Tuesday, August 23, 2005

Letting off steam

i should have written this yesterday but thought better of it as i was sure that my view, at that time would have been tainted or even corrupt or weighted down by force of circumstance. Anyway, here we are today, with a clear head and an open mind and a reason to put pen to cyber paper.

The kids are off school, MG is on his 3rd of 4th night shift, i have had a really sore face following a bite or something that caused me to look like i had gone 10 rounds with Mike Tyson and that required a visit to the doctors and a course of antibiotics. On top of all that the kids have got a new Sims game and trying to get near a PC in this house is almost impossible.
So why am I telling you all this, well, in keeping with the kids, PC's etc theme, the shift key on MGs keyboard had gone haywire and the logical course of action was to get a spare one down from the loft where the bits of PC's are stored these day.
Unfortunately, that requires someone to go up into the loft., which requires the getting of and assembly of, ladder.... which normally MG would do but..... i am not renowned for being patience.

Lets just say, because there really is no justification for my actions, because whatever my reasoning was at the time, was no excuse. i could make a fair good case on my behalf for why i did what i did but at the end of the day, shouting at ones Master and telling him to leave you alone and let you be while you struggle with ladders and loft hatch etc.... really isn't on however fraught or distressed or at the end of a tether one might be.

But, that's what i did... at the top of my voice, with gusto and force and then struggled to complete the extrication of the keyboard, but in doing so i had gone against my Master, against his wishes and on top of that, spoken to him with a huge amount of disrespect and lack of manners.
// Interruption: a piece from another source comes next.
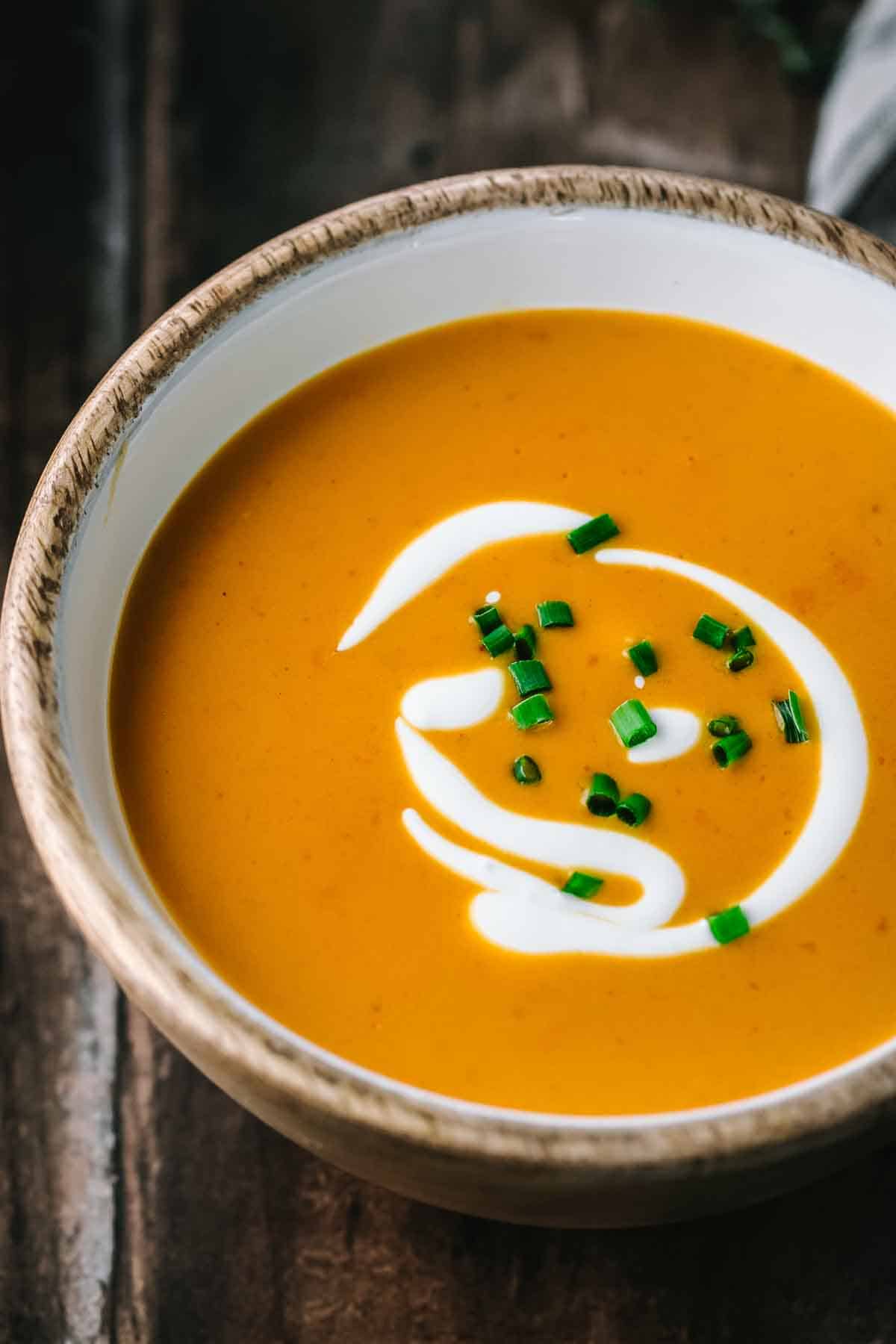 Extreme close-up of shrimp bisque in a wooden-rimmed white bowl showing the smooth, velvety orange-colored soup with decorative cream swirl and bright green chive garnish against a dark wooden background.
No excuse for that at all and i would be the first to agree now but at the time, stress, strain, kids, moans about shift keys from all quarters, i just wanted to get the damn keyboard and have done with it.
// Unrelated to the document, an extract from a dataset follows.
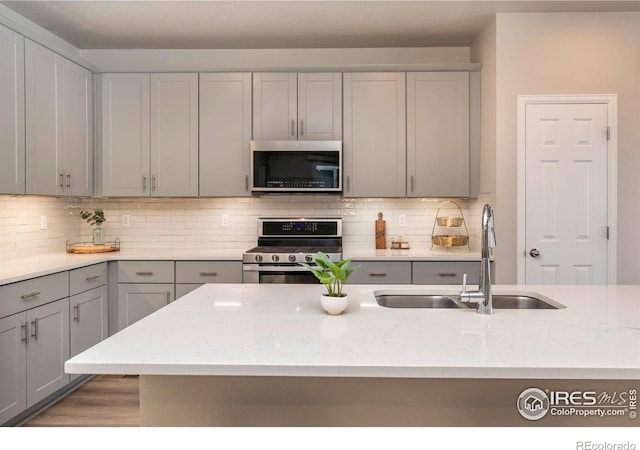 kitchen featuring decorative backsplash, gray cabinets, sink, and stainless steel appliances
Still, that is no excuse for screaming at MG and now, with hindsight i can see that but in a fit.... well, what can i say.
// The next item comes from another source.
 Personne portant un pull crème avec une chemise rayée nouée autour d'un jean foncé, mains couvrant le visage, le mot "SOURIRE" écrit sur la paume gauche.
MG had "something to say" today, and come the weekend, when the kids are not here i am sure we will hear more about this incident which will be duly deserved.

Having said that i thought to myself today whether i will learn anything from this incident and that it would never occur again but i am not sure that i will. i am not sure even if MG punishes/disciplines me for this misdeamour whether, if a similar occasion arose, i would recall this one and remember the consequences. i can say without any doubt that while i was shouting, i did think about what i was doing, that i shouldn't be doing it but by that stage i was too far into my rage/annoyance etc to have a lot of control over my actions., that didn't stop me thinking about my role, my submission, my slavery to MG and that he had spoken and that i should do as he said but the slave in me was way out of reach and the self propelled female was in charge.

Its not always possible to be submissive, sometime natural reactions take over and even we, the submissive natured one, blow a fuse and explode. The problem then is, what to do about it.

  • Is exploding once in a while acceptable.
  • Is there a limit at which it should stop or can it be let go totally.
  • Should one be punished for a once in a while letting off of steam.
  • Is there ever, any justification for such behaviour from a lifestyle slave.

i am just rather worried that i am too old and too long in the tooth to learn from this, and with hand on heart i cannot say that i shall come away from this with anything that would make a change in me because what we saw yesterday is a part of me that, altho not often seen... is a part of what makes me, me and as such sometimes might just have to be released.